Please print the full listing below exactly, but not the pictures in it.

'''

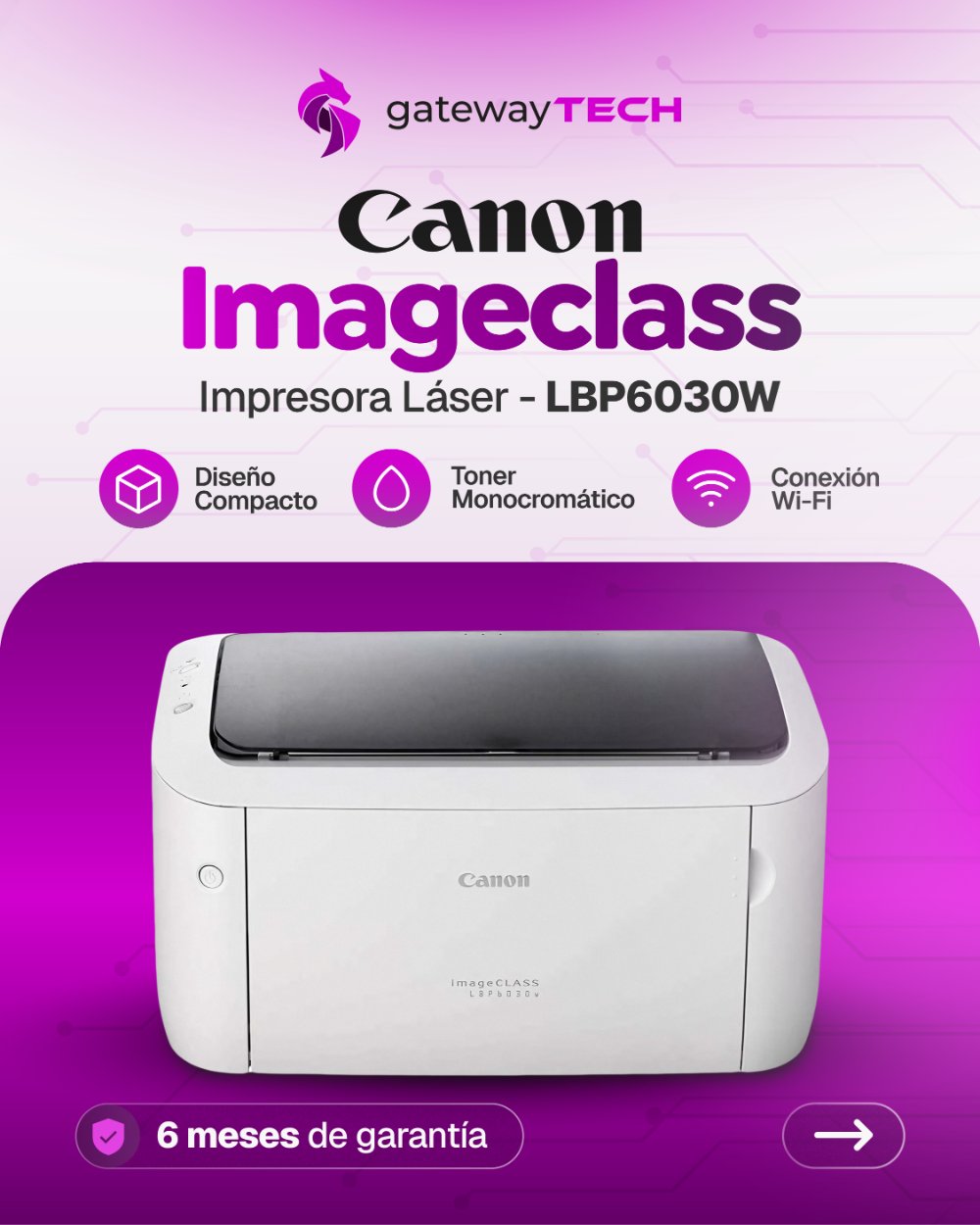 Impresora Canon Imageclass LBP6030W Monocromática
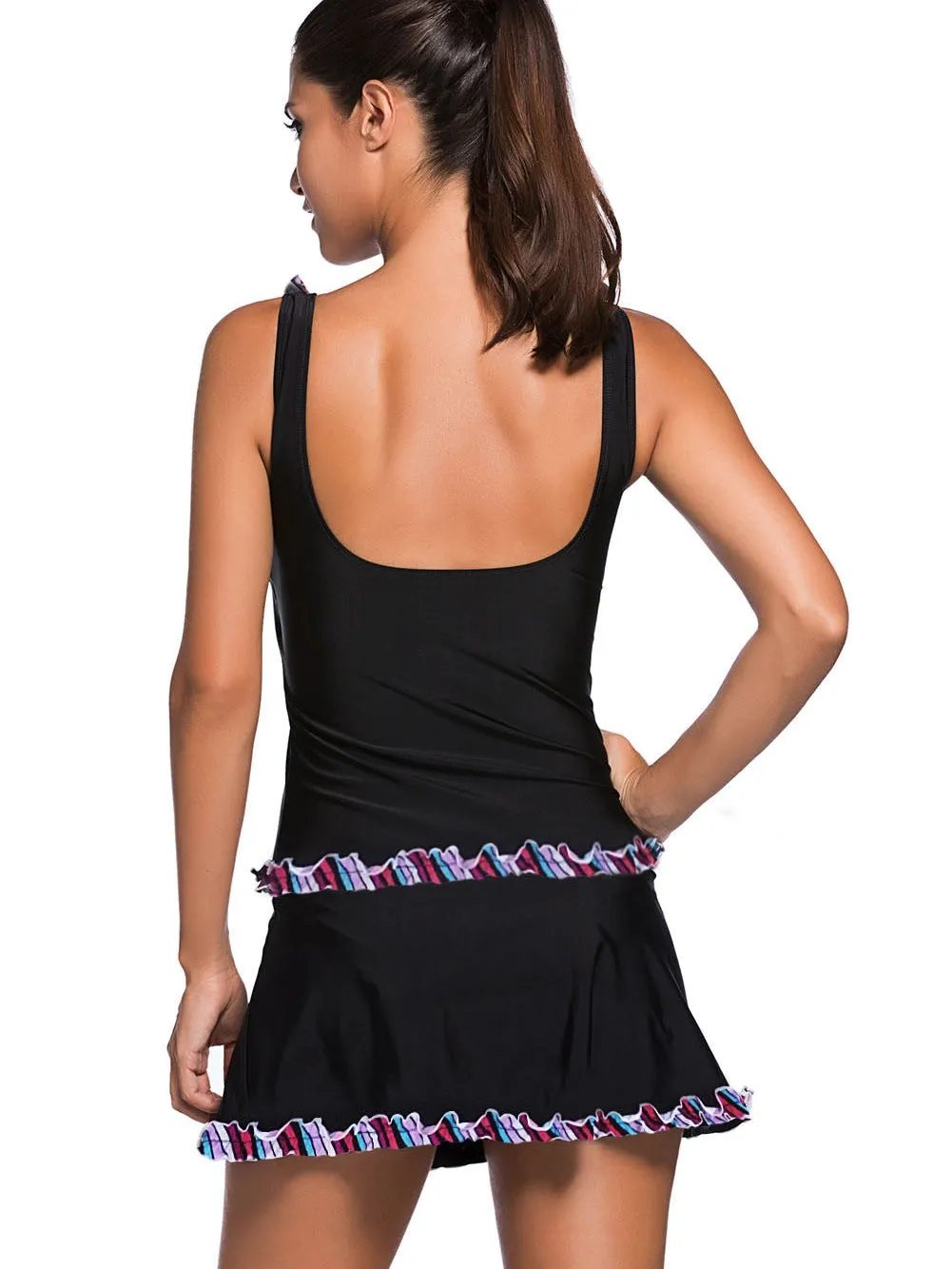 Black Ruffle Trim Tankini Set with Skort Bottom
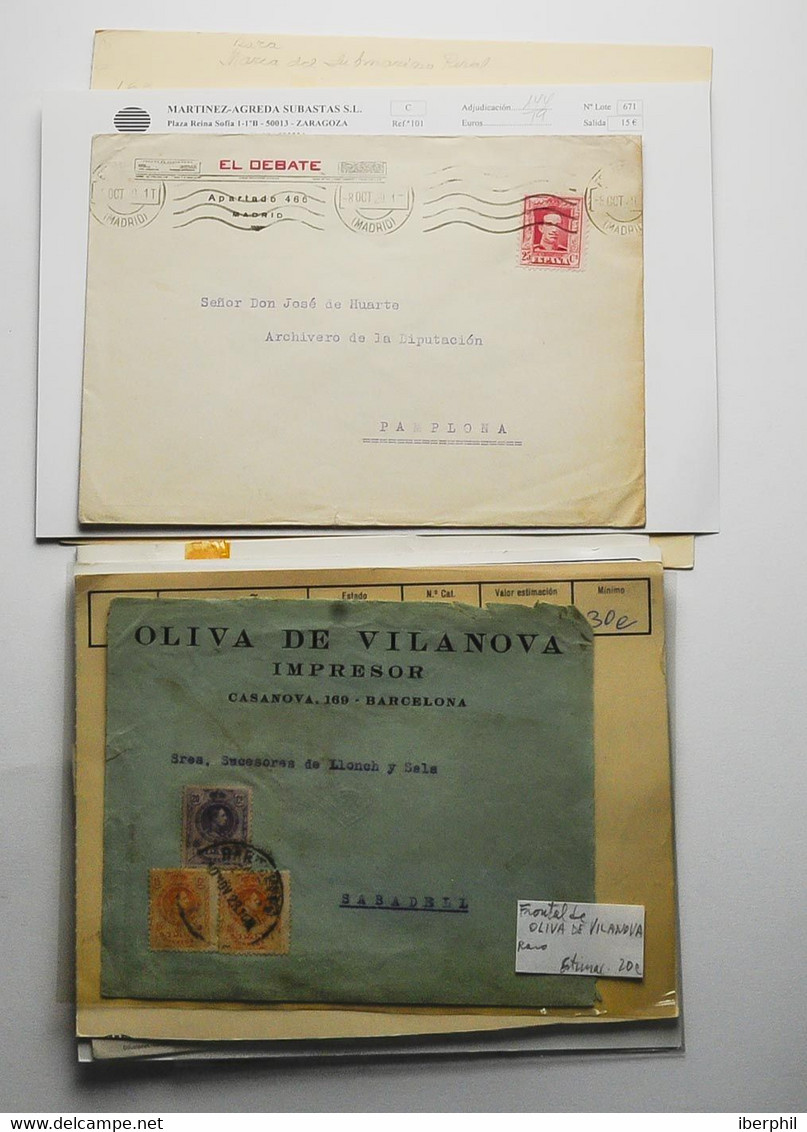 Lotes Y Colecciones.España, Historia Postal.  Sobre. (1855ca). Conjunto De Cartas (algún Frontal) Y Tarjetas Circuladas  - Verzamelingen (zonder Album)
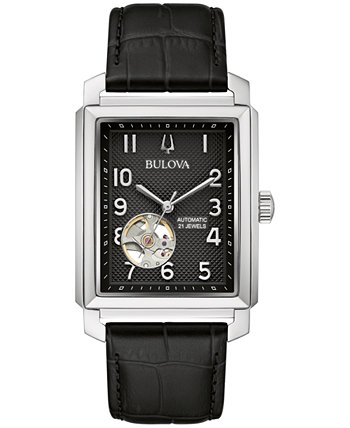 Мужские автоматические часы Sutton с черным кожаным ремешком, 33 мм Bulova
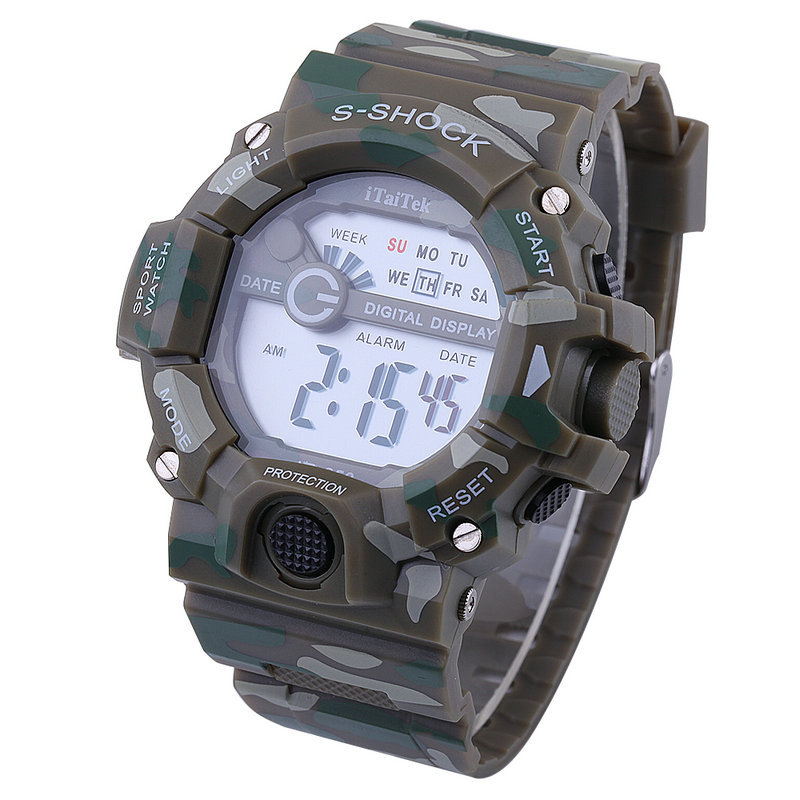 Aitaitek Sports Electronic Watch Fashion Waterproof Electronic Watch Digital Display Watch Camouflage Watch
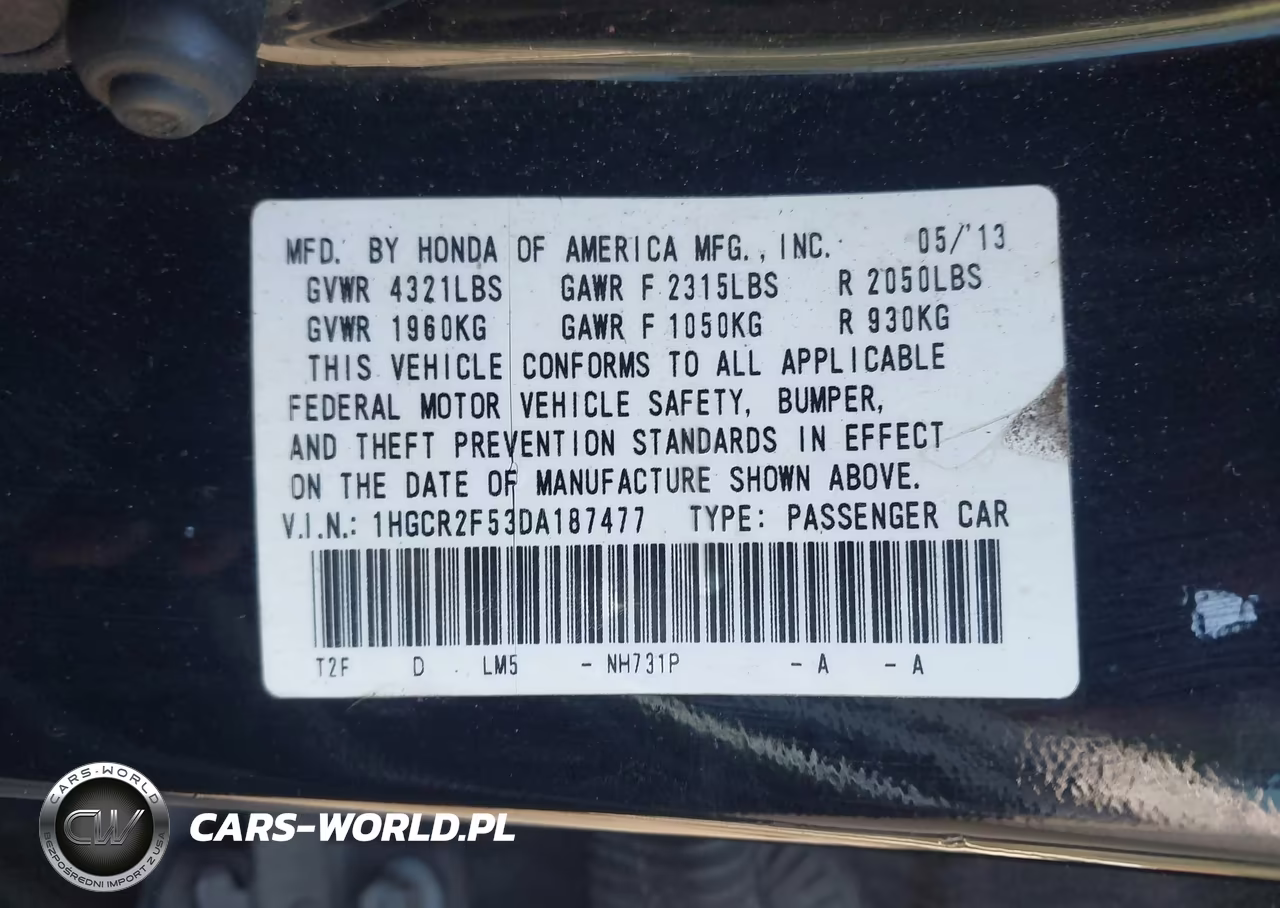 2013 Honda Accord Sport VIN:1HGCR2F53DA187477 - 9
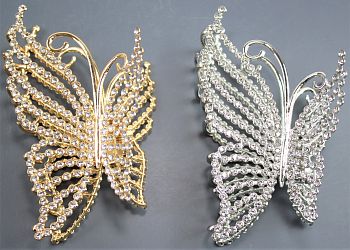 Заколка краб бол Бабочка металл,золото/серебро ААА-2252В 1/12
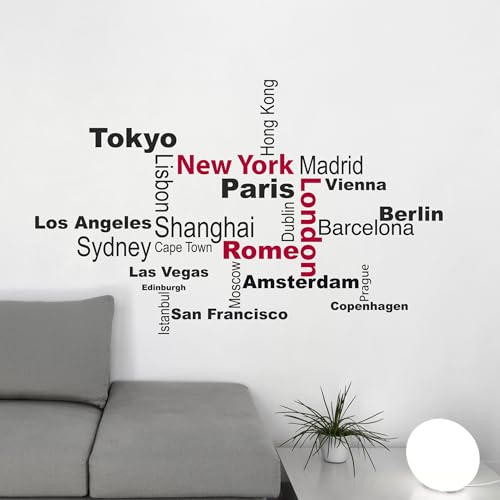 CREARREDA Wandaufkleber XL Cities 95 x 150 cm Wandsticker Skyline Urban aus abnehmbarem Vinyl, moderne Dekoration für glatte Wände zu Hause, Studio und Büro CREARREDA Wandaufkleber XL Cities 95 x 150 cm Wandsticker Skyline Urban aus abnehmbarem Vinyl, moderne Dekoration für glatte Wände zu Hause, Studio und Büro von CREARREDA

'''

> [Answer box]:
 Impresora Canon Imageclass LBP6030W Monocromática
 Black Ruffle Trim Tankini Set with Skort Bottom
 Lotes Y Colecciones.España, Historia Postal.  Sobre. (1855ca). Conjunto De Cartas (algún Frontal) Y Tarjetas Circuladas  - Verzamelingen (zonder Album)
 Мужские автоматические часы Sutton с черным кожаным ремешком, 33 мм Bulova
 Aitaitek Sports Electronic Watch Fashion Waterproof Electronic Watch Digital Display Watch Camouflage Watch
 2013 Honda Accord Sport VIN:1HGCR2F53DA187477 - 9
 Заколка краб бол Бабочка металл,золото/серебро ААА-2252В 1/12
 CREARREDA Wandaufkleber XL Cities 95 x 150 cm Wandsticker Skyline Urban aus abnehmbarem Vinyl, moderne Dekoration für glatte Wände zu Hause, Studio und Büro CREARREDA Wandaufkleber XL Cities 95 x 150 cm Wandsticker Skyline Urban aus abnehmbarem Vinyl, moderne Dekoration für glatte Wände zu Hause, Studio und Büro von CREARREDA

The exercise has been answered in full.